Local politics here is often communicated in metaphor, in idiomatic expressions. Churchill Falls is the clearest example.

The problem comes though, when the story behind the metaphor is not well understood, not only by those outside the community but by those inside it as well. Worse, a very serious problem arises when new notions take hold and become accepted as fact, ideas and metaphorical expressions simply because they are not questioned.

The Harper "broken promise" is another example. Not a single news media outlet in the province, not a single politician and not a single conventional media commentator has burst the pustule surrounding the ABC campaign. You'll find plenty of substantiated argument here about the shifting provincial government position, but try and find it anywhere else.

Instead, the new simile for betrayal by someone outside the community is accepted whole. On the most superficial level, a comment by the Premier about the Prime Minister is seen as newsworthy simply because it hints of the Anybody But Conservative threat.

The tendency to jet ski through issues is much more widespread than on these larger issues. The stories offered up on Tom Rideout's resignation contained so many evident contradictions that they pointed to another story - the truth - beneath. Yet jet skiers flashed past it - on the way to nothing more important - giving up the chance not for a scuba dive but for merely a wade out to the knees.

The usual explanation offered for the lack of depth in conventional media coverage or for the absence of contrary editorializing is lack of time and resources. There is some truth in that. And to be fair, there has been an increasingly critical tone in some quarters. Take the Sunday Telegram editorial and the paper's position on the Memorial University crisis as an example of a slight shift in the local environment.

But in a larger sense, the media coverage (actually not just locally but across the country) and the political metaphors they sustain come from something closer to the changed attitude to knowledge and information contained in Carr's article. The jet skier's aren't interested in the Rideout issue beyond what is simple and convenient. Everything else is a conspiracy theory.

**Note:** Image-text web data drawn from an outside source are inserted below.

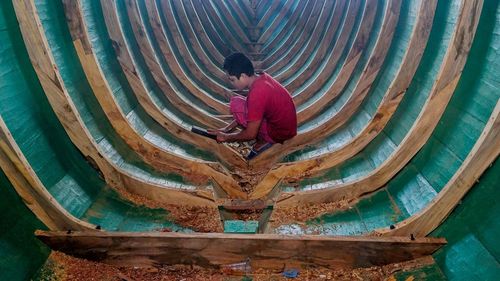 High angle view of man working in water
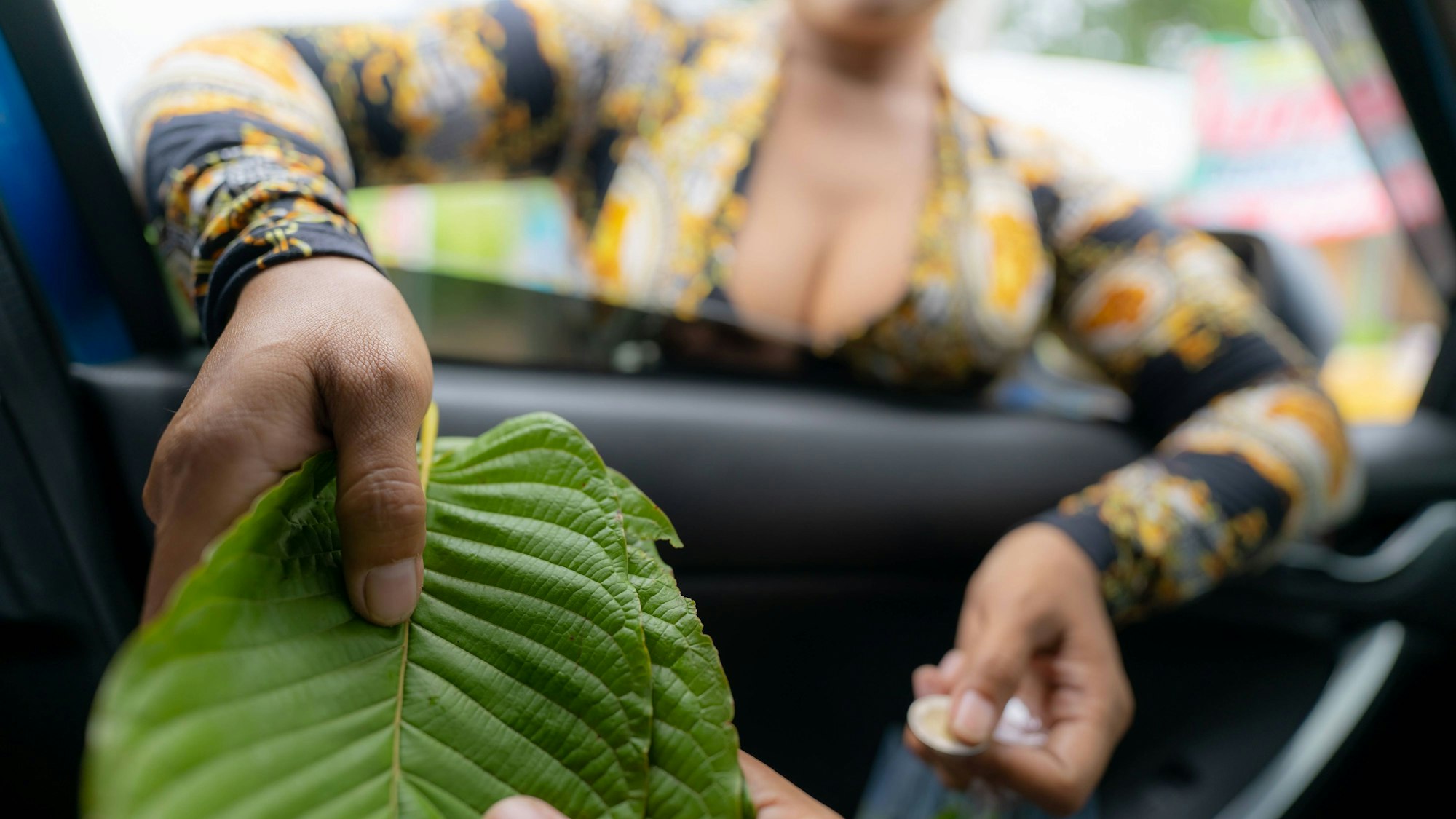 Personen tauschen Geld für Kratom-Blätter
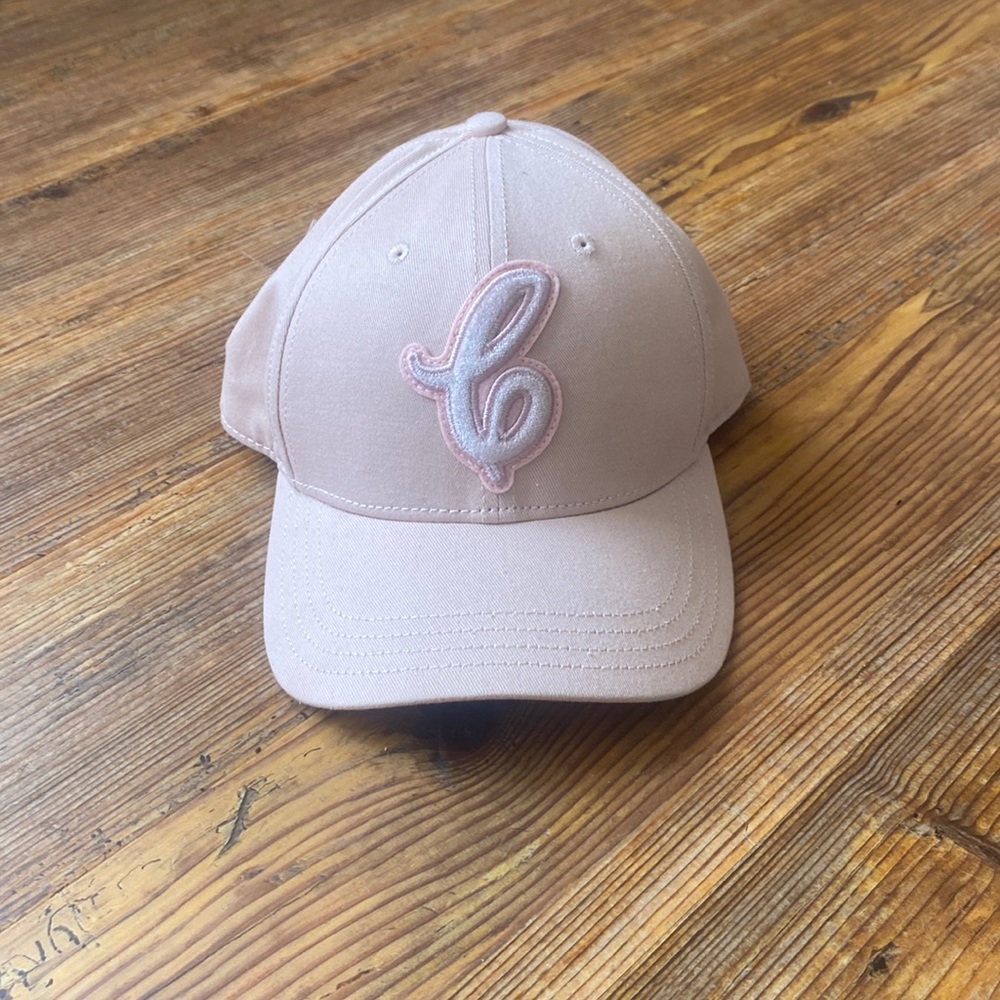 NWOT blush pink Coach hat. Never worn.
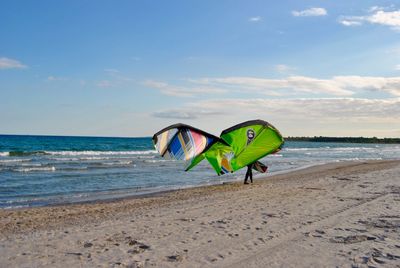 Low section of person with kiteboard walking on shore at beach against sky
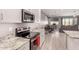 Modern kitchen with granite countertops and stainless appliances at 1644 E Joelle Dr, Casa Grande, AZ 85122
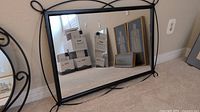 Mirror leaning against wall with other frames around it, showing overall size and style.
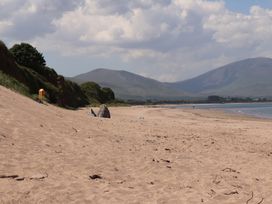 A sandy beach with scattered rocks and seaweed next to a grassy hillside with mountains in the background at Killelton Cottage in Camp County Kerry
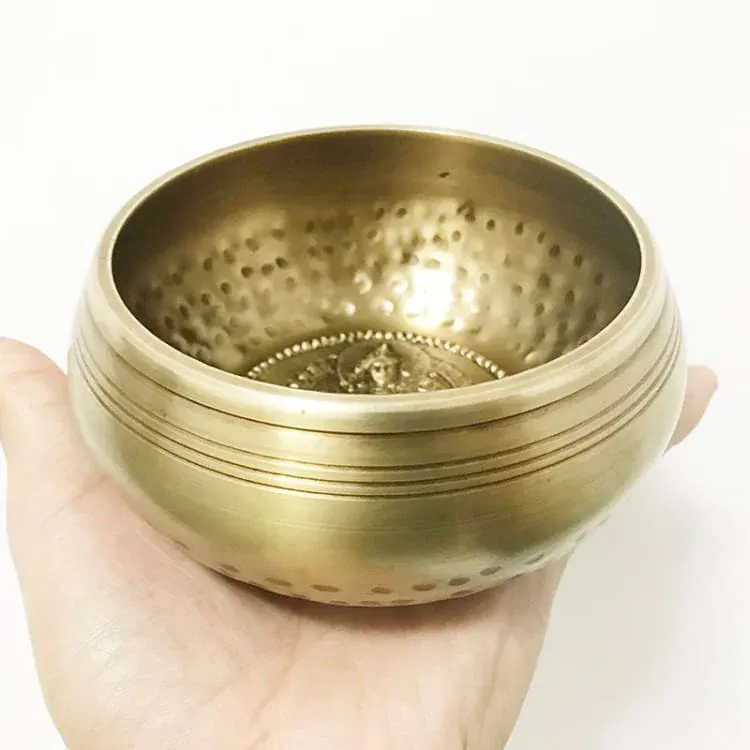 Bol tibétain chantant avec motif de bouddha en fond – Image 3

The Premier's use of the word "race" in a political campaign policy announcement garners not a shred of attention anywhere, except of course for at least two reporters who went out of their way to rationalise the issue into nothingness. We all know what he meant.

The point in this latter one was not - as one radio host suggested entirely disingenuously - that some people were accusing the Premier of being racist. Rather, the "race" card stands out not only for the fact it was played at all in any context during an election on a pro-natalist policy, but rather that we - the people of the province - did not then and do not now have a shared understanding of what he meant.

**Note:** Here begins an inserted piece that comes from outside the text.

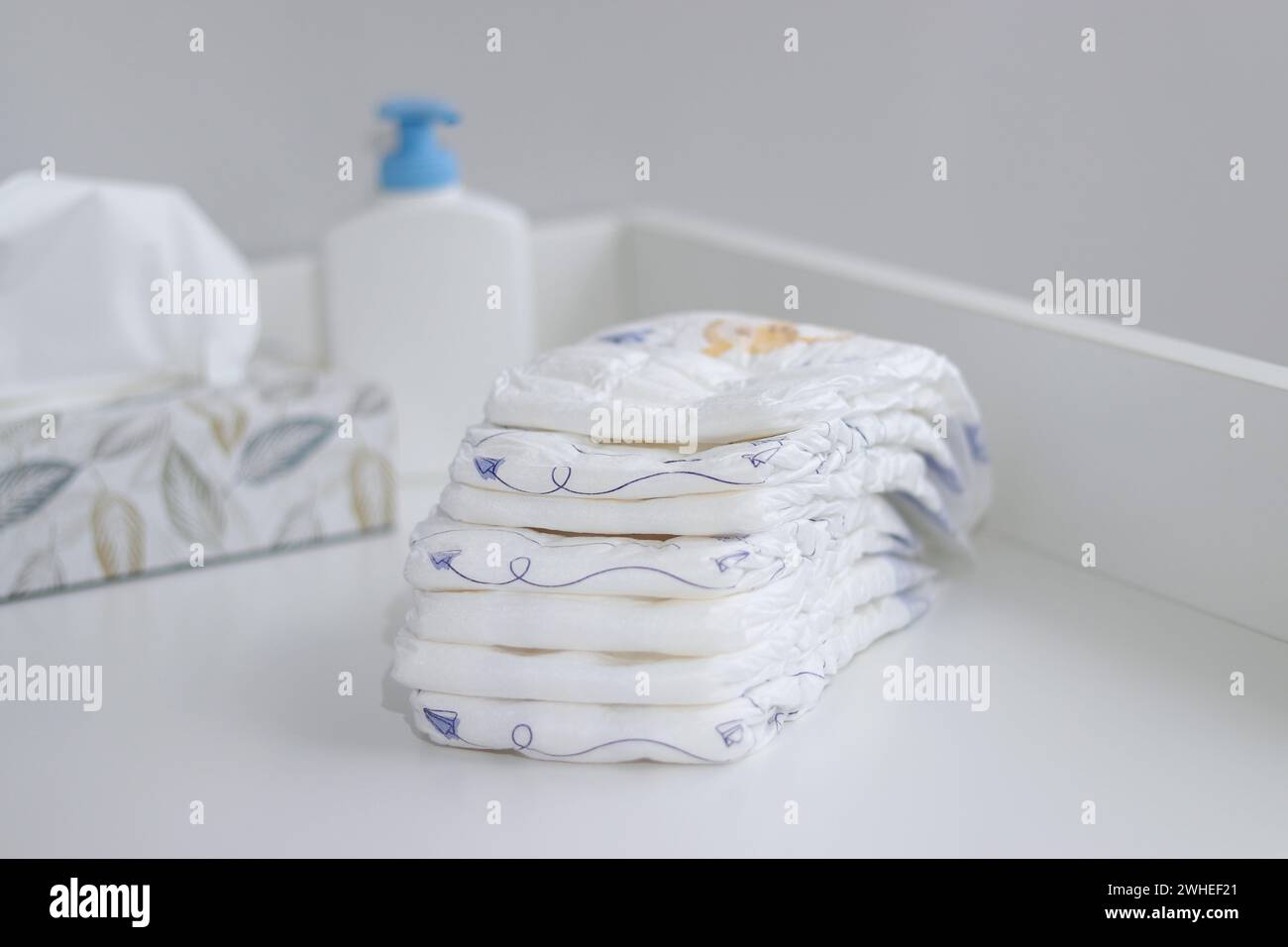 Una pila di pannolini e accessori per bambini sul fasciatoio bianco, nella sala infermieri Foto Stock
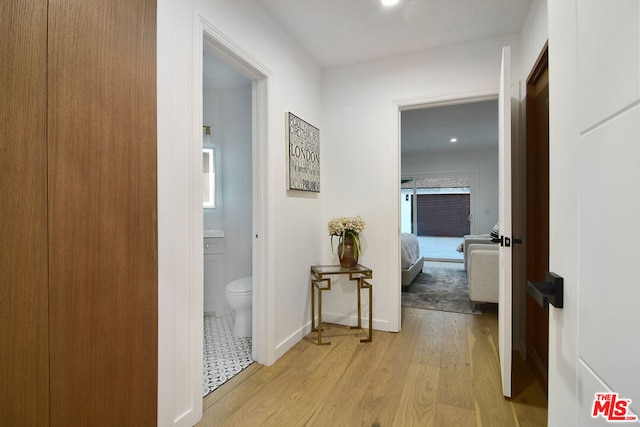 hallway with light hardwood / wood-style floors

On another level, though, what the Premier meant in that case is actually irrelevant. What it is simply worth noting that not a single reporter thought it worth asking a simple question. Not one thought to ask what he meant, just to be clear. Inquisitiveness - supposedly at the core of the journalistic profession, let alone the source of our species' progress - was absent.

Not one wanted to know.

Reporters reflect the society in which they work. There's no way of knowing if the Internet has changed the way people are thinking or if it merely facilitated a trend already present. Television was decried as an idiot box and in some respects, Carr and others are simply transferring the epithet to the box sitting on or under many of our desks.

The source of the change is not as important as the consequences of the shift, the lessening desire to know things.

Chenza at court, the court of silence, as the Tamarians would say.